Jeff Gordon, St. Louis Post Dispatch: This will be remembered as one of the strangest, most mutually destructive labor battles in the history of professional sports. The owners and players spent years preparing for this showdown. Both sides knew a prolonged shutdown was inevitable. Both sides built up their war chests. Both sides recited their bargaining rhetoric, like a mantra, and braced for battle. Not only were the owners and players prepared for the war, they invited the war. With Bettman and Goodenow barking the orders, constructive negotiations were never going to take place.

Joe Henderson, Tampa Tribune: This should not be how a hockey player ends a career like the one Dave Andreychuk had. Yet there he was, in shorts and a collared sports shirt, outside the clubhouse at Hunter's Green, where he had just stepped off the golf course after shooting 3-under. "Round of my life," he said. But he wasn't celebrating. After finishing his round, he had ducked inside the clubhouse for a couple of minutes to watch Gary Bettman take the final hammer swing on the stake that ended the National Hockey League season - and, in essence, Andreychuk's career. Bettman owes his job to players like Andreychuk, professional men who skated hard every night because that's what the game and its fans deserve. Men like this have earned the right to know their final moment as a player came with a hockey stick in hand, not a five-iron. 

Tom Jones, St. Petersburg Times: On opening night, the Stanley Cup would have rested at centre-ice, amid the cheers of the packed St. Pete Times Forum. Fans bedecked in Lightning jerseys would sit proudly beneath the championship banner, while their hockey team defended the most famous trophy in sports. This was to have been a special season for the Lightning and its fans. Instead, it has become among the darkest days in the history of the sport.

Christine Brennan, USA Today: Major league hockey was doomed by many problems, not the least of which is that it's a regional sport trying to make it on a national level during a time when money isn't growing on trees and the sports calendar is too full of other things Americans care more about, like televised poker. 

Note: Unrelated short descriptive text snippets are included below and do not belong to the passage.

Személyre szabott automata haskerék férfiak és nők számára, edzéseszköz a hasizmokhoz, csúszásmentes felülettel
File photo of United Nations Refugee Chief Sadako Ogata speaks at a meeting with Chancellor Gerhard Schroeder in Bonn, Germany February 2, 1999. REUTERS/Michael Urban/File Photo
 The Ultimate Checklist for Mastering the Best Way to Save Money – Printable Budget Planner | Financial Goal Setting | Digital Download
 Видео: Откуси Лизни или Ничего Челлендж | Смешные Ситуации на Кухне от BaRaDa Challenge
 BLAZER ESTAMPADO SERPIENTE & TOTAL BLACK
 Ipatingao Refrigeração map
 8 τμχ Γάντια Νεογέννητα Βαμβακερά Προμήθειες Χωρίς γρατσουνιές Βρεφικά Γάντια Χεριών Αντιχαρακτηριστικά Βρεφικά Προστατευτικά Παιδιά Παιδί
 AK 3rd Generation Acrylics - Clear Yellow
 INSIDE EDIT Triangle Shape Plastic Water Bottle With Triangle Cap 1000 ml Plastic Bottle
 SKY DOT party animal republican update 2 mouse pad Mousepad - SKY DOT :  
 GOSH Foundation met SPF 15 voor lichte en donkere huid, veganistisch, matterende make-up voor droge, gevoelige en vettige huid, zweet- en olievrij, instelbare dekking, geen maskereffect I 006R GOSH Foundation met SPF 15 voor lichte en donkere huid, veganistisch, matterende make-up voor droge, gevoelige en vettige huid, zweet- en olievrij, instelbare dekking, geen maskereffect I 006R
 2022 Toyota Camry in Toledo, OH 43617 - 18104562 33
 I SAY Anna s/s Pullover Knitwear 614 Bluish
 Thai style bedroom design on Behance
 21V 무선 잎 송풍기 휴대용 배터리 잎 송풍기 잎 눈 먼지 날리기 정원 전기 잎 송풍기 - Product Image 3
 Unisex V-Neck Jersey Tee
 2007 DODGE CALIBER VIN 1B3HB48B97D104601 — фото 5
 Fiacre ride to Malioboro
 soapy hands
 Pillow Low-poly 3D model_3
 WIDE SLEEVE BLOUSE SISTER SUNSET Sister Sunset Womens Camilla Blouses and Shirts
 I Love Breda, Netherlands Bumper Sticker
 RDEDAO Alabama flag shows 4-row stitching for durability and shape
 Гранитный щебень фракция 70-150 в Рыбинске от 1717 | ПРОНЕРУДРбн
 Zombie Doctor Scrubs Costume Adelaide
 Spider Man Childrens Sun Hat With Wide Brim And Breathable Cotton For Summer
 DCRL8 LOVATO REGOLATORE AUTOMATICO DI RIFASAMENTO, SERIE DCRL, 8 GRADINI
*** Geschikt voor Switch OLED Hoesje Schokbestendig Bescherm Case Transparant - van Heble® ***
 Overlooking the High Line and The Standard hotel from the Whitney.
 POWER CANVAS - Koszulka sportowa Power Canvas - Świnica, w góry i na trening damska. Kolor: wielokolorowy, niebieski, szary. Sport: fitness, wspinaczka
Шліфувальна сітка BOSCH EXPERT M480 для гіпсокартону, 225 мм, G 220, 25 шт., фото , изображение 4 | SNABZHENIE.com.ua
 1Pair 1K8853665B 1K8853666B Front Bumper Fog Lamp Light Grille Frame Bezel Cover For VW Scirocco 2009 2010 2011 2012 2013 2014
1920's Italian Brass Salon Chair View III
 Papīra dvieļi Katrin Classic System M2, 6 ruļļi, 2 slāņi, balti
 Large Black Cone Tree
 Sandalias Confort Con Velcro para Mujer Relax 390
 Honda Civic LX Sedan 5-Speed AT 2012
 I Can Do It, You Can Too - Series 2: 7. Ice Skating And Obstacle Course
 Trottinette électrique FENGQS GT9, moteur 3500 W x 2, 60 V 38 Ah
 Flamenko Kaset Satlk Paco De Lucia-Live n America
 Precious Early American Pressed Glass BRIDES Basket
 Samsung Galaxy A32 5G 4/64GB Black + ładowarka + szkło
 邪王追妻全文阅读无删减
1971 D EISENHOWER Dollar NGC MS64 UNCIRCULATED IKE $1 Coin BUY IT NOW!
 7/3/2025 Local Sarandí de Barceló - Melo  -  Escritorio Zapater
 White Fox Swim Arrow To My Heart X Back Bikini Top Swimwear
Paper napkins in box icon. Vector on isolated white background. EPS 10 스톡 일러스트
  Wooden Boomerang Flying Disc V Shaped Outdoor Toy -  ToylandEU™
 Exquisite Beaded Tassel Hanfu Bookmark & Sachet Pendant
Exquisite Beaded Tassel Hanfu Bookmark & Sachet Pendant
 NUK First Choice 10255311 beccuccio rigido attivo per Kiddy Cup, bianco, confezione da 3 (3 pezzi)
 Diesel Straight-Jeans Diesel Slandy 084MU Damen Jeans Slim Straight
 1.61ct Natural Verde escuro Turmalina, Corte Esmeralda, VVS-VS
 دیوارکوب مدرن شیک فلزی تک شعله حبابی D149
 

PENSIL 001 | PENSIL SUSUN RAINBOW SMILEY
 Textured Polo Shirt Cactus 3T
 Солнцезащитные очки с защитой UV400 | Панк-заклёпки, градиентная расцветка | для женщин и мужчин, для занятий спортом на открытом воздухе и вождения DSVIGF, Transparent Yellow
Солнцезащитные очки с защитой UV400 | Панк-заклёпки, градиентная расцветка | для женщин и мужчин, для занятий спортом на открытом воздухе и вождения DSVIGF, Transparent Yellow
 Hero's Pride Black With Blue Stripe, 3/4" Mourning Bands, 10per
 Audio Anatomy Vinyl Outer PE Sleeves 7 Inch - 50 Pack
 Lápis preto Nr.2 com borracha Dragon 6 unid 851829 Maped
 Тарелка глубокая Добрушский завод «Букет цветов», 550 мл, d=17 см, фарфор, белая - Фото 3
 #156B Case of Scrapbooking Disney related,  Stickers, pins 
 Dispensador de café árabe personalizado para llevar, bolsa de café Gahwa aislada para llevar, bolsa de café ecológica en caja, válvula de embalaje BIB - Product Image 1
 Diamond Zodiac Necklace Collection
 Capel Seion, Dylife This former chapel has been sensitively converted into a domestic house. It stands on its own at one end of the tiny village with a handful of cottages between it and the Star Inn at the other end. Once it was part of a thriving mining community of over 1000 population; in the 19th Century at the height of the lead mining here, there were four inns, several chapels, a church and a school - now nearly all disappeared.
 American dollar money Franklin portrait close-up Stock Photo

Mike Lopresti, USA Today: Meantime, because of a computer glitch, we were inadvertently sent some e-mail reactions that were bound for Bettman or the NHL Players' Association. Perhaps you'd like to read a few: ... Dear Gary, Let me get this straight. Your players' union caved on the idea of a salary cap? If my guys ever did that, I'd kiss the catchers' shin guards and carry out Donald Fehr's trash for a month. Bud Selig, commissioner of baseball.